Our results from the graph show that there is no relationship between the number of votes and its rating, and the results here are all over the place. Ultimately, the number of votes will not help in our analysis.
Next, we looked at the two different ratings in our dataset: Metascore and iMDB ratings. These are two independent rating sources, and we hope to look at the relationship here between the two.
Our results are limited because we are looking at only the top movies of all time, so we expect both scores to be high. We see that there exists some relationship here. The higher tiered movies from the iMDB rankings are not rating lowly on the Metascore rating system. The range of Metascore is larger than the rating for iMDB rating, but both are inherently positive.
To further this idea, we want to explicitly look at the tiered groups versus the Metascore. This is done in a string of boxplots of Metascore compared to each genre.
Our results show that the higher the group, the higher the Metascore. This is shown in a step relationship, where groups 3-5 hover around the same distribution, and then the top 2 groups have higher average Metascores. It is worth noting that each boxplot has wide tails; however, the top group has the shortest tails out of all of the distributions. This adds evidence to the accuracy of the groups we have made.
Research Question 2: What genres are most common in the top 250 movie? What genres correlate to winning awards?

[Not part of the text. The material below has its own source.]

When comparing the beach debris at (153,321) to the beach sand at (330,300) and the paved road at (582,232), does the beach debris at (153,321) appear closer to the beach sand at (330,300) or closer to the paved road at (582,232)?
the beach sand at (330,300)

To explore the first question, we wanted to look at a word cloud of the genres to see the most used ones within the genre variable because each movie had multiple genres. To explore the second question, we wanted to look at a simple bar chart to see the distribution of awards among the genres.
This word cloud depicts the genres and frequency within the top 250. Each movie was categorized into multiple genre but “drama” seems to be the most common genre for a movie in the top 250 to be described as. “Crime” and “adventure” look to be the next most common. From this, we can conclude that the genre of “drama” can be correlated with the a movie being in the top 250. Our next step is to look at the number of oscars won by genre to see if there is a common genre that makes a movie successful.

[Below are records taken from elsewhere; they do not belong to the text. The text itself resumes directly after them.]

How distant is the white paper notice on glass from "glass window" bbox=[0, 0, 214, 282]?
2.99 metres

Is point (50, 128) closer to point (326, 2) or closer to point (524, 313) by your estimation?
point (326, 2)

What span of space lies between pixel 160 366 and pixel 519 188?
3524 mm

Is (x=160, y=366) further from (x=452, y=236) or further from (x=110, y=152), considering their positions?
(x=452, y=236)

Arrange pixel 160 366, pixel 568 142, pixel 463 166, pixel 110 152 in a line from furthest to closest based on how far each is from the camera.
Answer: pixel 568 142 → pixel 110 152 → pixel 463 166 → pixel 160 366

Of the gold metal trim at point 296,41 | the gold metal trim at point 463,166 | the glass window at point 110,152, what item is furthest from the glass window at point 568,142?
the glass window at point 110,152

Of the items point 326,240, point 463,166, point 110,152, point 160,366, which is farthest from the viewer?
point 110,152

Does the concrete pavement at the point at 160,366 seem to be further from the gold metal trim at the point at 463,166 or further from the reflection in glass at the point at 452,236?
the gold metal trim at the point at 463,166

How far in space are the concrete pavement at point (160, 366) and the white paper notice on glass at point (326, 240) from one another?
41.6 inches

This bar chart shows the number of awards (Oscars) won by genre. It is very clear that movies categorized as a “drama” have won more awards than any other genre. This would make sense as drama is also the most used genre to categorize a movie. The next genre to win the most awards is adventure which also makes sense for the same reasoning as drama.
Main Conclusions
Overall, we think the two rating systems are similar, and compare well to each other. There is no real way to tell which rating system is “better”, but we see that they are well correlated, and therefore, both suffice as accurate rating systems for the data.
From visualizing the movie genres and the numeber of Oscars won, we can tell that movies in the top 250 are often categorized in the “drama” genre. This relates to our overall question because it can be said that a common factor is being in the “drama” genre. For our secondary question of what makes a movie successful, the same applies. The genre “drama” is correlated with winning awards.
When we looked at the release date of the movies and sectioned off by ranking group in increments of 50, we found that the 1990s was a great year for top movies worldwide, with significantly more top 100 movies than any other decade. This was closely followed by the 2000s, which also outperformed the other decades.
In the future, we plan on exploring the different rating metrics over time to see if the difficulty of getting a higher score has changed. This would help us answer our first research question because a metric that has more stable scores, independent of time, would better compare movies.